Understand an annuity before buying it

understand-an-annuity-before-buying-it

There are many types of annuities, and some are quite complicated. As a result, many savers approach these products with justified trepidation. I believe that there are some important cost-effective annuity options with significant advantages. It is important that you get an unbiased opinion of the pros and cons of each of the annuity type before you buy one.

For example, many retirees want assurance in retirement that they will have a consistent guaranteed income for all their life in addition to Social Security. Single-premium immediate annuities (SPIAs) will do that. There are no internal fees associated with this product, and the associated commissions are the lowest of any annuity. All the commissions are built into the product, so once you purchase it you know the amount of income you will receive for your lifetime.

Another example is a fixed-rate annuity, also called a multi-year guarantee annuity (MYGA). This product also has no internal fees, and commissions to the agent or adviser are low. Generally, you will receive a higher contractual interest rate than a CD if you invest for more than two years. For investors looking for a safe, conservative investment with guaranteed income, this is an attractive option.

All annuity contracts are issued by life insurance companies. When you buy an annuity, your primary objectives are usually to provide a lifetime income stream or principal protection.

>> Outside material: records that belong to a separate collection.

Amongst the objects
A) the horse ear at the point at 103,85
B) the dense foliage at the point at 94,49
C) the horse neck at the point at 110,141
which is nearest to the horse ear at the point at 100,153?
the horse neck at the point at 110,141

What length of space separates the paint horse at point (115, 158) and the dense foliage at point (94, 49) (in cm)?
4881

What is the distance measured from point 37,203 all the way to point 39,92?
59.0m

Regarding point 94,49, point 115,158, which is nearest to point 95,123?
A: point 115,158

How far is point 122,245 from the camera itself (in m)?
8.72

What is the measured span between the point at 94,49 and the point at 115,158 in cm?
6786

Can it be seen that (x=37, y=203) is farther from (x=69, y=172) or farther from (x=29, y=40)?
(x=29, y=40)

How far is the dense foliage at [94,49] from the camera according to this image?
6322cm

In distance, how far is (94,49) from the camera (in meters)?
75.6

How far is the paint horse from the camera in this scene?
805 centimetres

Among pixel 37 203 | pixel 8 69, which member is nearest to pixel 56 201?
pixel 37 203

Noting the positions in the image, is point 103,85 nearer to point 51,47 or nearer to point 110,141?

Since you are transferring this risk to the insurance company, naturally you want to be sure that the company you select has the claims-paying ability and financial strength to meet your objectives.

When it comes to your safety, the most important factor is the company that issues the policy to you. Annuity guarantees are only as good as the company standing behind their promises. Your agent/adviser should also be able to advise you regarding the safety of a specific company. Insurance companies are rated for safety by several companies, specifically, A.M. Best, Standard & Poors, Fitch, Moody’s and Weiss.

Stan Haithcock, an expert in the field, recommends the use of COMDEX, which is a composite index score based on the ratings from several rating agencies. The advantage of this rating is that it is based on a scale of 1 to 100, which is easier to understand than the alphabetical ratings used by the other companies. Naturally, if you are buying a product that will protect you for life, you should only be selecting companies with the highest ratings.

Most annuity types are classified as fixed annuities and are regulated at the state rather than the federal level. Each state has a specific guaranty fund that backs all annuities up to a specific dollar amount. If you want to determine the coverage in your state, check with the National Organization of Life and Health Insurance Guaranty Association at www.nolhga.com. If your insurance company runs into financial difficulty, your next level of protection is NOLGA. A good agent should explain to you how your state coverage applies to any annuity you are considering.

Some annuity products whose benefits are tied to equity performance, such as variable annuities, are regulated other agencies such as FINRA and the SEC.

Again, it’s very important to understand an annuity before you buy one. Haithcock’s website, www.theannuityman.com, is a great resource. It provides, at no cost, brochures explaining every type of annuity, clarifying the features and pros and cons of each, as well as safety issues. His company also publishes Annuity Lifestyle Magazine, a weekly publication which is also available at no cost.

I have worked with Haithcock for many years. He has the required expertise, and will only recommend cost-effective personalized annuity options.